A senior theologian who teaches on the permanent diaconate programmes of Birmingham and Clifton dioceses has lamented the growth of “an increasingly ritualistic priesthood” which he has warned is “unhealthy”.
Dr David McLoughlin has trained young priests for the priesthood for 25 years and taught theology at Oscott College and at Newman University. He has also been a consulter to the Vatican and the Bishops Conference of England and Wales.
Speaking to The Tablet after he gave an address to the National Justice and Peace Network conference in Derbyshire, he said many of today’s seminarians “are caught up in the rituals of the sacramental process in a way that I would regard as unhealthy” because its sense of holiness was focused in a very limited way.
“I don’t know where we have gone wrong. They are all lovely guys ... But when you see a young man on Sunday in a big Roman collar with a cassock with 33 buttons and a cummerbund and he is telling people off for taking the host in their hand – what on earth is going on?
“I think for some of them, the formal elements in religion and the formal elements of priestly dress, is a sort of bolstering and an identity strengthening factor.”
Referring to the Vatican II document on priesthood, "Presbyterorum Ordinis", he said the use of the two words – presbyter and sacerdos – had resulted in two models and that the tension between the two remained unresolved.
“Some priests have settled for a much more ritualistic sacerdotal model. I think a number of our younger priests have gone in that direction because it seems to be purer and more holy.”
According to Dr McLoughlin the most important thing is that the church continues the reconciling work of Christ in the world and reconciling men and women to each other and to God.

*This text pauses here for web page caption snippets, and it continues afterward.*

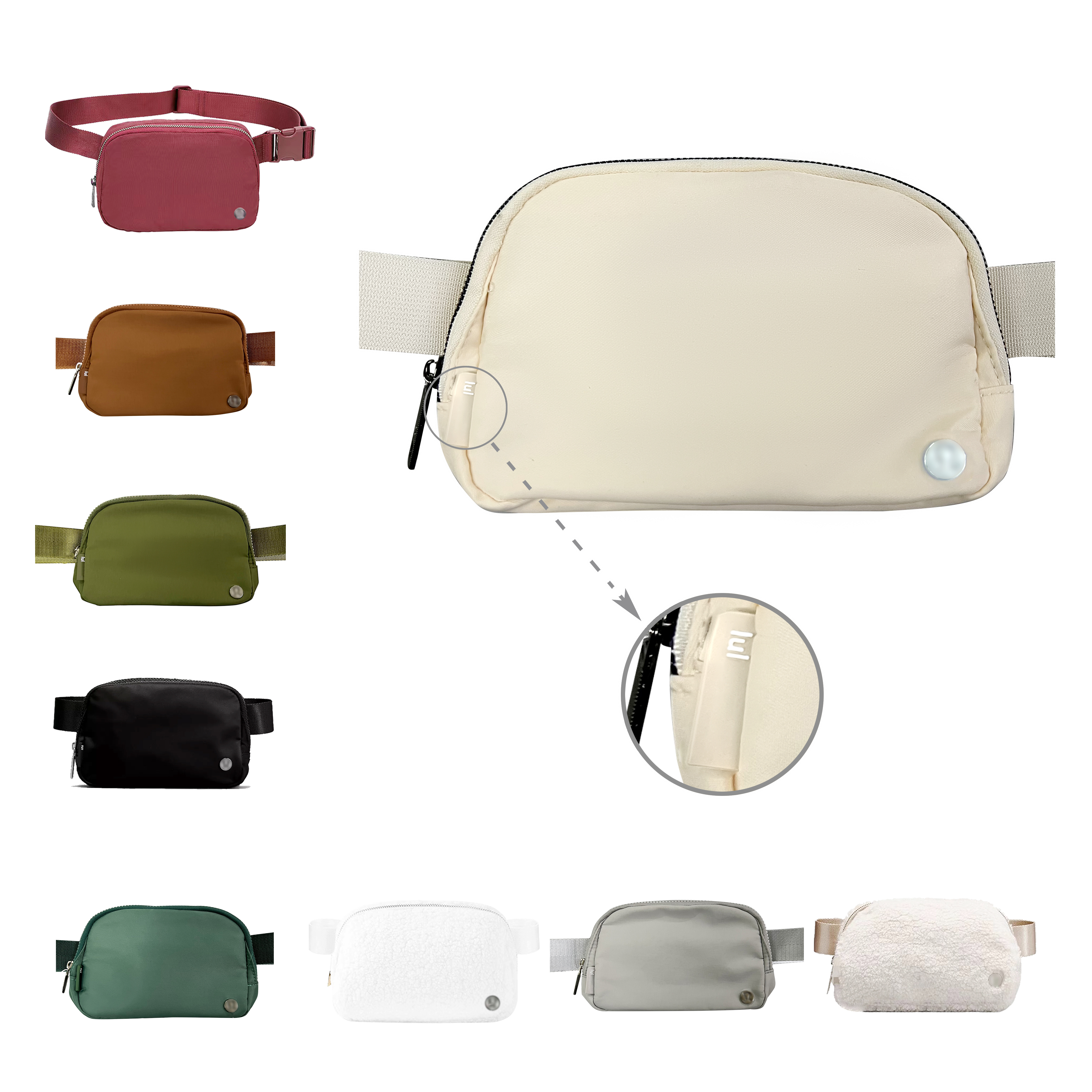 

lulu everywhere fleece yoga lemons lululemens woman Outdoor sport womens chest belt bum Bag woman Luxury Designer Nylon Waist bags Shoulder clutch fanny pack lulus, Nylon-black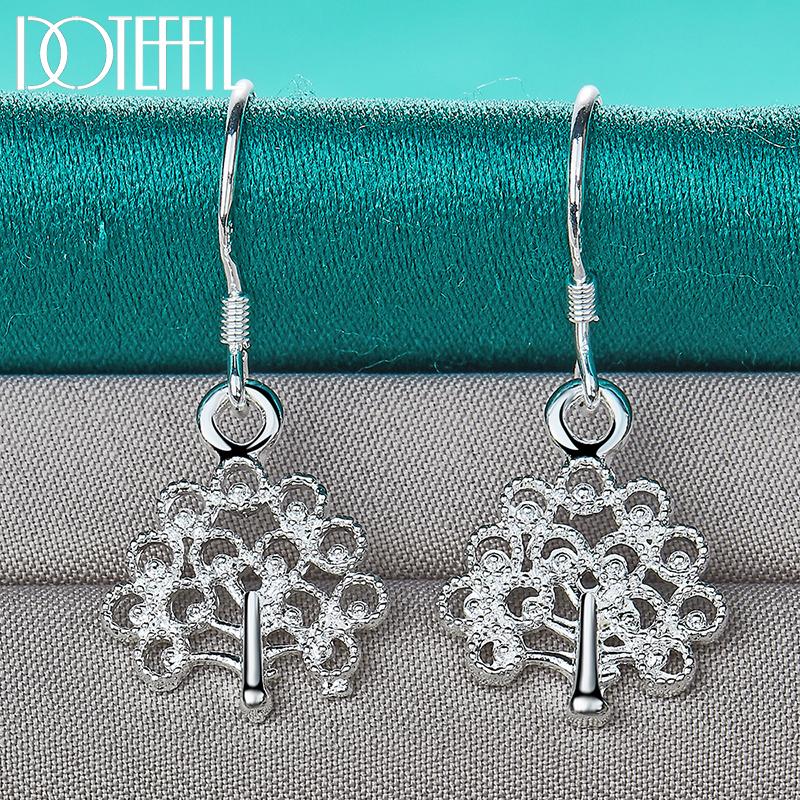 Fashion Tree Earrings 925 Sterling Silver Gift Romantic Jewelry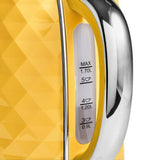 George Home Yellow Fast Boil Textured Kettle GTK101Y-21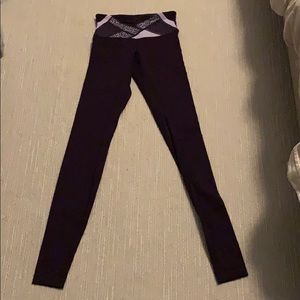 Purple lululemon yoga pants
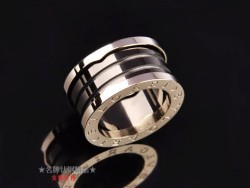 Bvlgari B.ZERO1 3-Band Ring in 18kt Pink Gold with Black Ceramic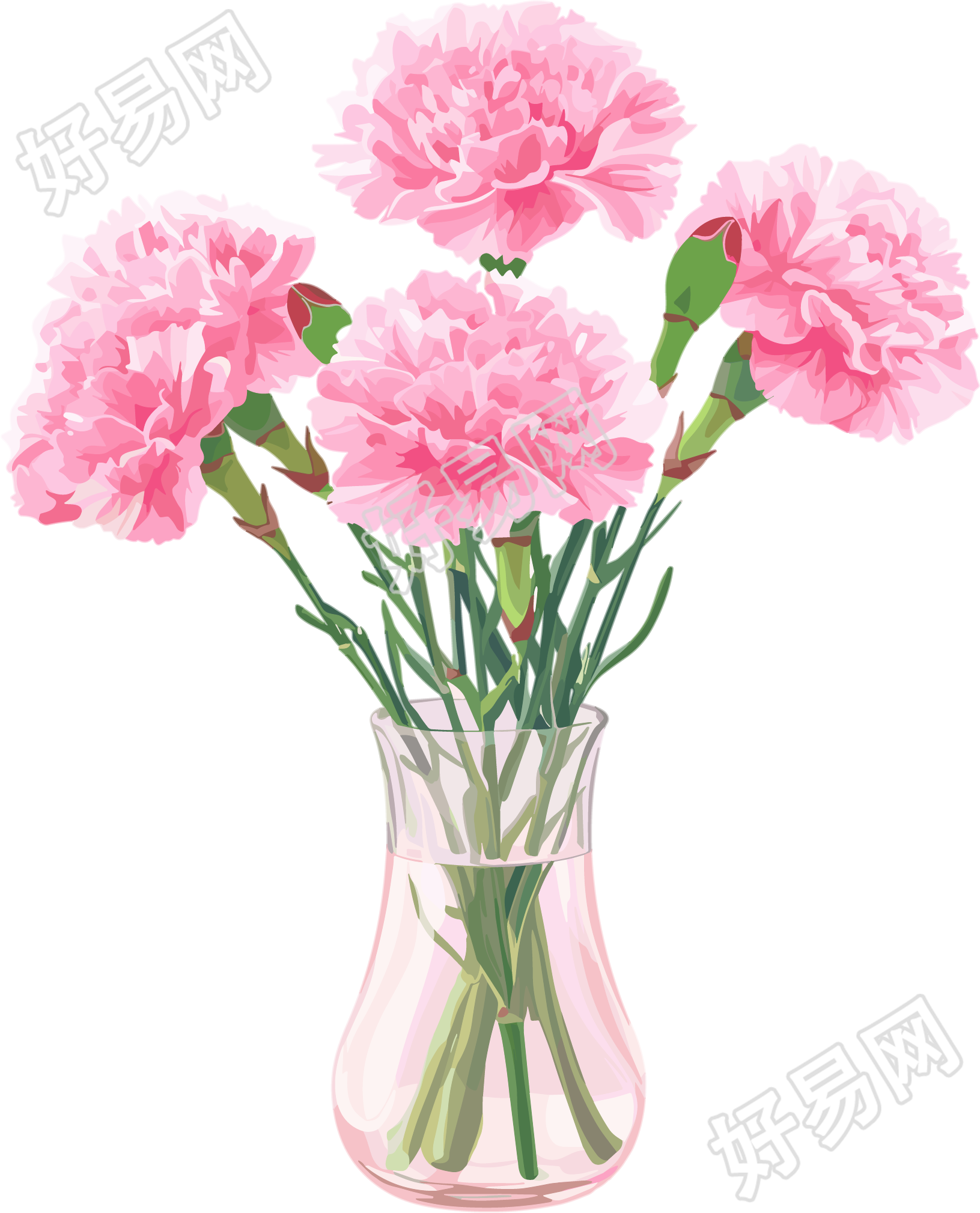 花瓶矢量图形素材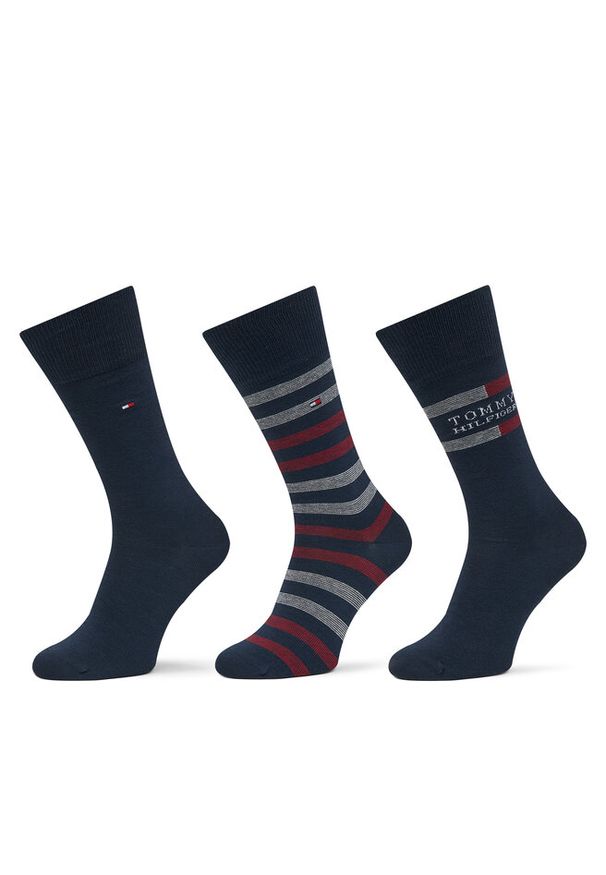 TOMMY HILFIGER - Skarpety długie Tommy Hilfiger. Kolor: niebieski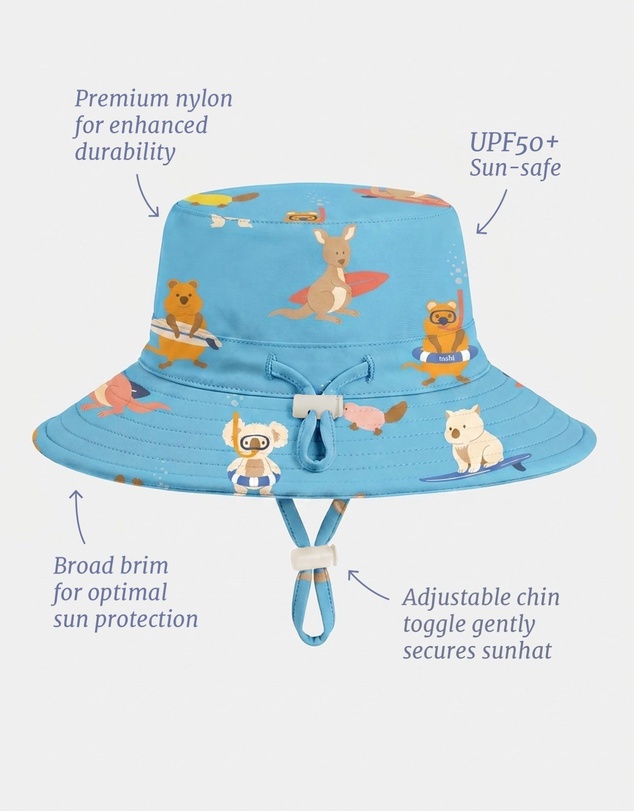 Toshi - Swim Sunhat Pirate - Babies-Kids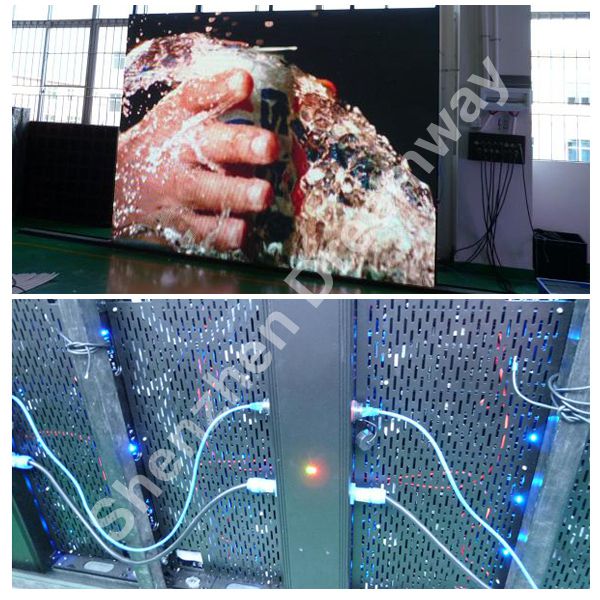 High Resolution P6 HD Indoor Slim LED Display Screen Rental Video Processor For Events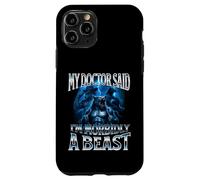 Mon médecin a Dit Que j'étais Morbidly A Beast Funny Alpha Wolf Meme Coque pour iPhone 11 Pro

“If there is anything gets in the way of that, we should go beyond it. So, if we have a lack of ordained ministers because we settled for celibate priests from the second millennia on, which is only true of the western half of the church not the eastern orthodox, why shouldn’t we change it? There is no profound theological reason why priests have to be celibate, it is just custom.”
He described CDF chief, Cardinal Luis Ladaria’s recent comments on the commission on women deacons as “a damage limitation job” and suggested that the Jesuit was “trying to manage expectations” and manage the conservatives. “A lot of them are in the States and they provide the central church with a lot of money,” he said.